Advanced oxidation protein product (AOPP) measurement
AOPP test was used to assess oxidative stress within the right ventricular tissues according to the manufacturer’s instructions. Right ventricular myocardial tissue samples (20–30 mg) were harvest for homogenization. Then, we collected the supernatant for AOPP measurements using the AOPP assay kit (Abcam, ab242295). Results were normalized by protein concentration.

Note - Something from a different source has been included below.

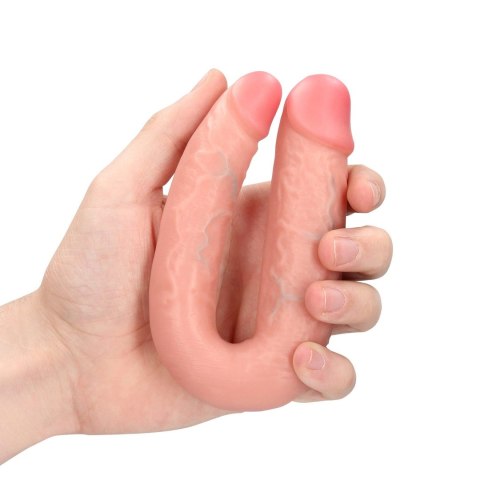 U Shaped Double Dildo 5" - podwójne dildo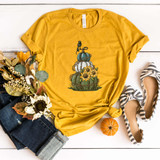 Stacked Pumpkins Tee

ROS measurement in primary cardiac myocytes
Cells were seeded in 35 mm glass-bottomed culture dish with a density of 5×104/ml. Cells were incubated with 5 µM MitoSOX Red (Invitrogen, M36008) for 10 minutes at 37℃. The cells were washed twice with PBS, and the fluorescence imaging of live primary cardiomyocyte was conducted at 510/580 nm on Axio Observer 7 microscope (Zeiss). The mean fluorescence intensity of cells was quantified using Fiji software.
Immunofluorescence
Cells were stained with 100 nM MitoTracker Red (Invitrogen, M7512) for 30 minutes, fixed for 10 min with 4% paraformaldehyde and permeabilized with 0.1% Triton X-100 for 10 min. For OPA1 staining, cells were incubated with specific primary antibody (CST, 67589S) overnight in 1% BSA at 4°C, followed by secondary antibody (Invitrogen, A11034) at room temperature for 1 hour. DNA was stained with DAPI. Images were acquired using Apotome microscope (Zeiss). As previously described, the means of area, perimeter, aspect ratio and form factor of mitochondria were quantified using Mitochondria Analyzer in Fiji software according to the published protocol[20–22].
Statistical Analysis
All replicate data are expressed as the means ± standard error of the mean (SEM). The distribution of the data was assessed with the Shapiro–Wilk normality test. The significance of difference between two independent experimental groups was assessed using unpaired Welch’s t-test, and the significance of difference among more than two groups was assessed using one-way ANOVA. The data between two groups with repeated measurements were compared using two-way ANOVA. For proteomic data analysis, the false discovery rate (FDR) adjusted p value was calculated based on the Benjamini and Hochberg (BH) method[23]. The value of statistical significance was set at p < 0.05. *, ** and *** represents p < 0.05, < 0.01, and < 0.001, respectively. Statistical analyses were performed using GraphPad Prism 9 software.